It is worth noting that, within a more general latent state framework (e.g. the models proposed by Redish et al., 2007; Gershman et al., 2017), prediction errors produced by context changes may well contribute to the process that determines the location of newly encoded information. In that case, the prediction error produced by combining a shift in shock intensity with a shift in physical context would be sufficient to cause state-splitting, resulting in the gradual extinction experience being encoded in a separate state. Thus, from this perspective, shifting the physical context between conditioning and extinction, should not only attenuate the effectiveness of gradual extinction: it should produce the opposite effect, resulting in higher levels of spontaneous recovery relative to the case where there had been no context shift.
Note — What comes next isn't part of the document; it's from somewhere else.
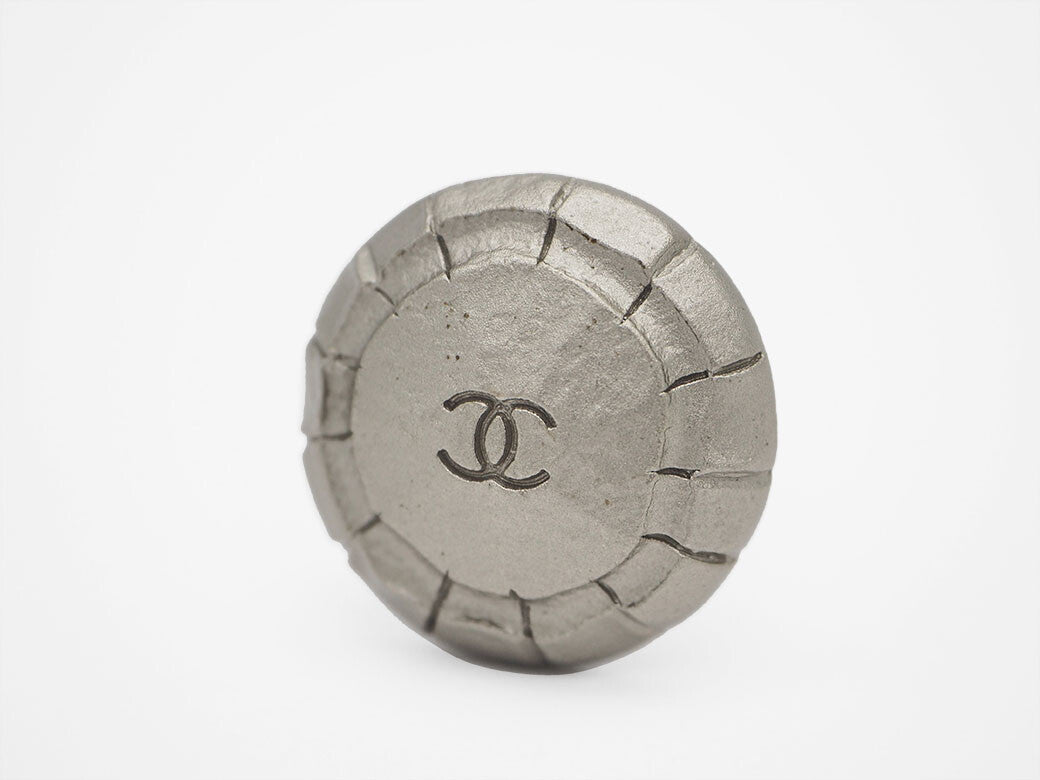 CHANEL Vintage Round Coco Earrings Silver Ladies 99A Metal Matte Finish Reuse5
Experiment 5 tested these differing predictions by combining gradual extinction with a shift in the physical context. Subjects received conditioning in either context A or context B (see Figure 4A for design). Next, rats in both groups received either standard or gradual extinction in context A. Finally, all rats were tested for spontaneous recovery in context A. Thus, all extinction and testing were conducted in the same context, rats only differed on their extinction treatment (gradual or standard) and conditioning context (A - ‘same’ context as extinction; B - ‘different’ context to that of extinction).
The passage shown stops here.